■ **Input data**:
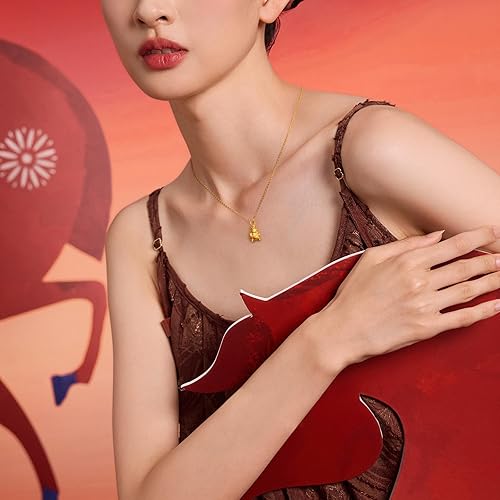 Miniatura 4 de Colgantes de oro macizo de 24 quilates, lindo animal caballo y mono, colgante de esmalte solo encanto joyería de oro real para mujeres, hija,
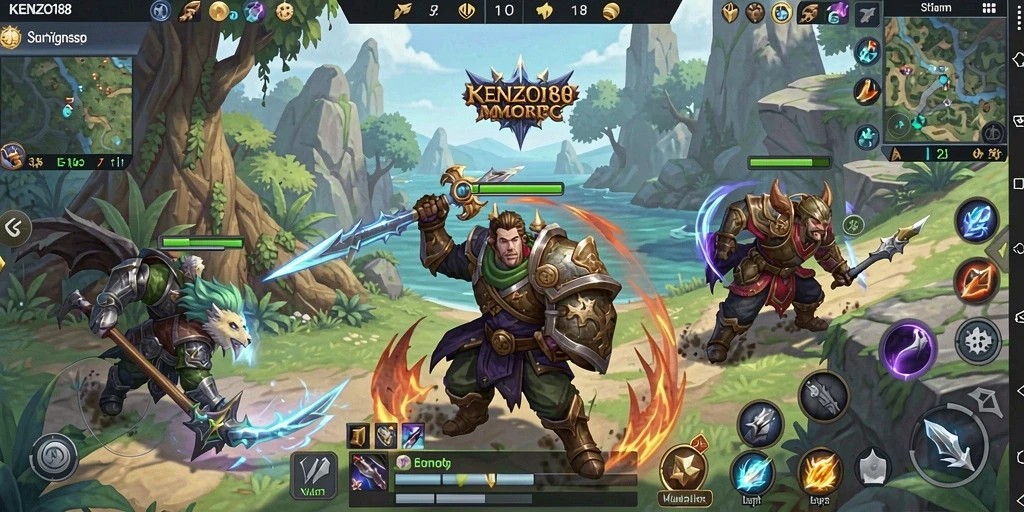 Tangkapan layar gameplay <strong>KENZO188</strong> menampilkan aksi pertarungan yang mendebarkan.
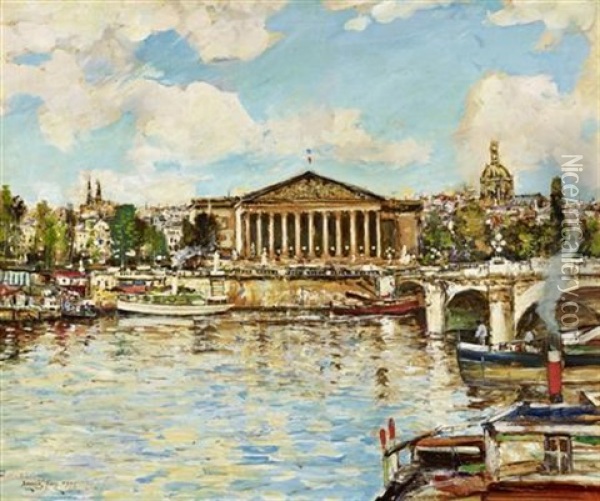 National Assembly, Paris From The Seine Oil Painting - James Kay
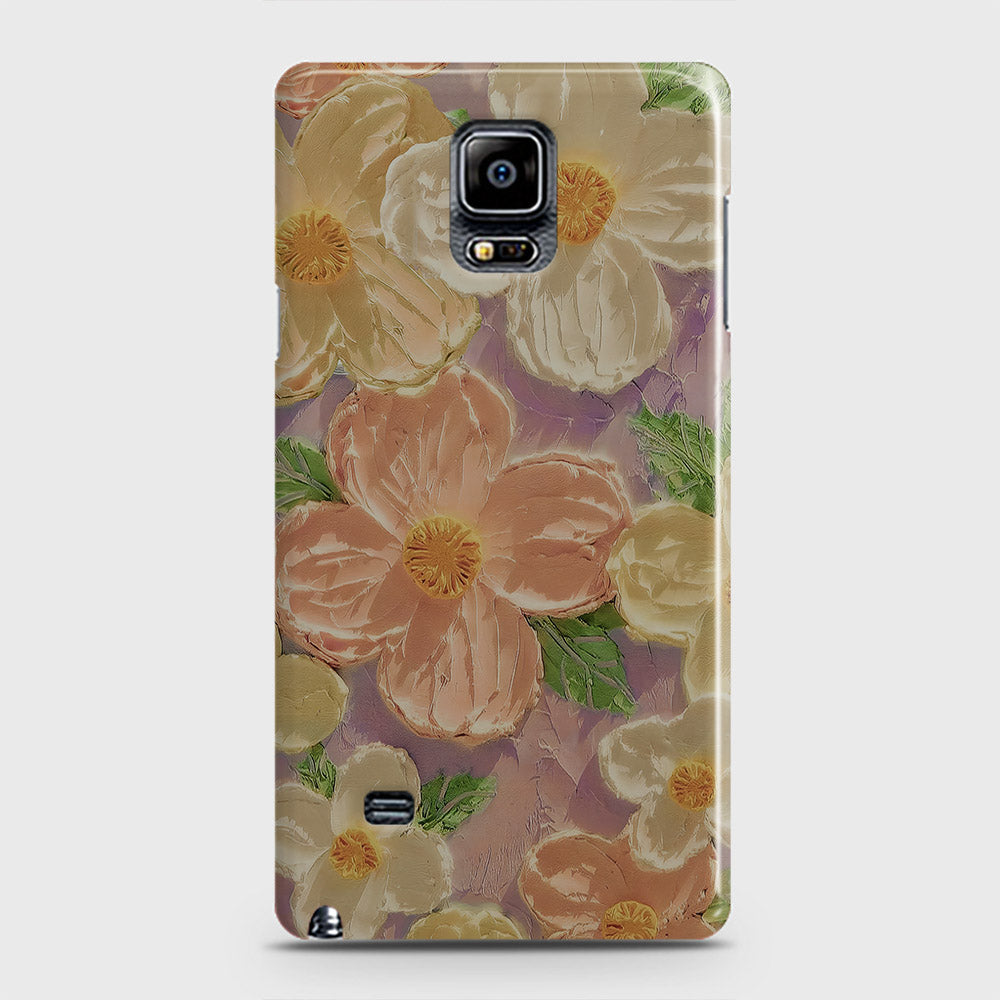 Samsung Galaxy Note 4 Cover - Floral Series - Design 11 - White & Green - Matte Finish - Snap On Hard Case with LifeTime Colors Guarantee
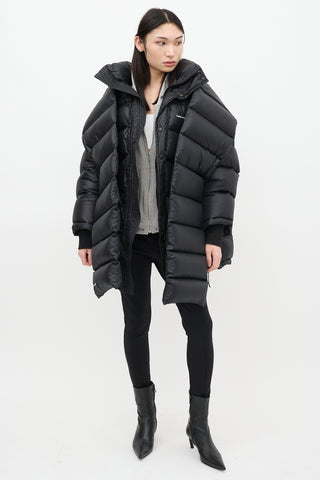 Balenciaga Black Quilted Logo Puffer Coat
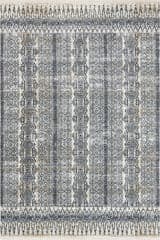 Isolated view of Blue Rectangle Tabitha Moroccan Banded Rug, showcasing its design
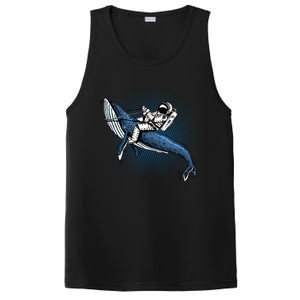 Astronaut Riding Whale In Space Blue Graphic Great Gift PosiCharge Competitor Tank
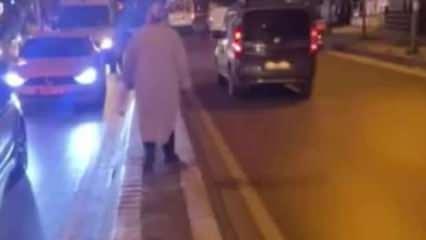 Esenyurt’ta bir kadın, aniden yolda giden aracın önüne atladı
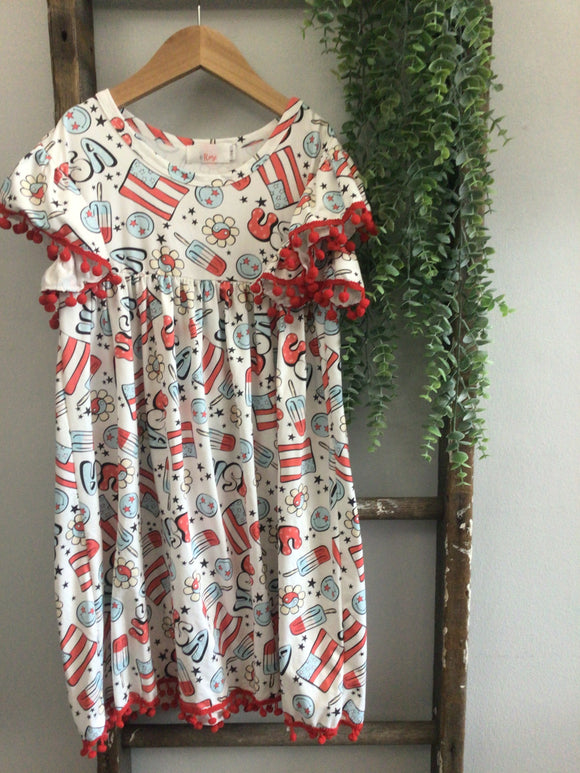 Mila&Rose Pom Pom red, white, and blue dress-7/8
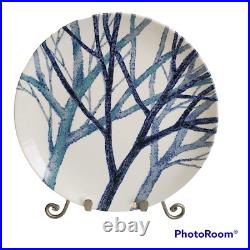 Noritake Craftone Trees Blue Branches Dinner Plates Japan 8770 Vtg 1977 Set 2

■ **Brief**:
From the first line of the material down to the line containing "Astronaut Riding Whale", inclusive, return each line exactly, skipping any picture.

■ **Answer area**:
 Miniatura 4 de Colgantes de oro macizo de 24 quilates, lindo animal caballo y mono, colgante de esmalte solo encanto joyería de oro real para mujeres, hija,
 Tangkapan layar gameplay <strong>KENZO188</strong> menampilkan aksi pertarungan yang mendebarkan.
 National Assembly, Paris From The Seine Oil Painting - James Kay
 Samsung Galaxy Note 4 Cover - Floral Series - Design 11 - White & Green - Matte Finish - Snap On Hard Case with LifeTime Colors Guarantee
 Balenciaga Black Quilted Logo Puffer Coat
 Isolated view of Blue Rectangle Tabitha Moroccan Banded Rug, showcasing its design
 Astronaut Riding Whale In Space Blue Graphic Great Gift PosiCharge Competitor Tank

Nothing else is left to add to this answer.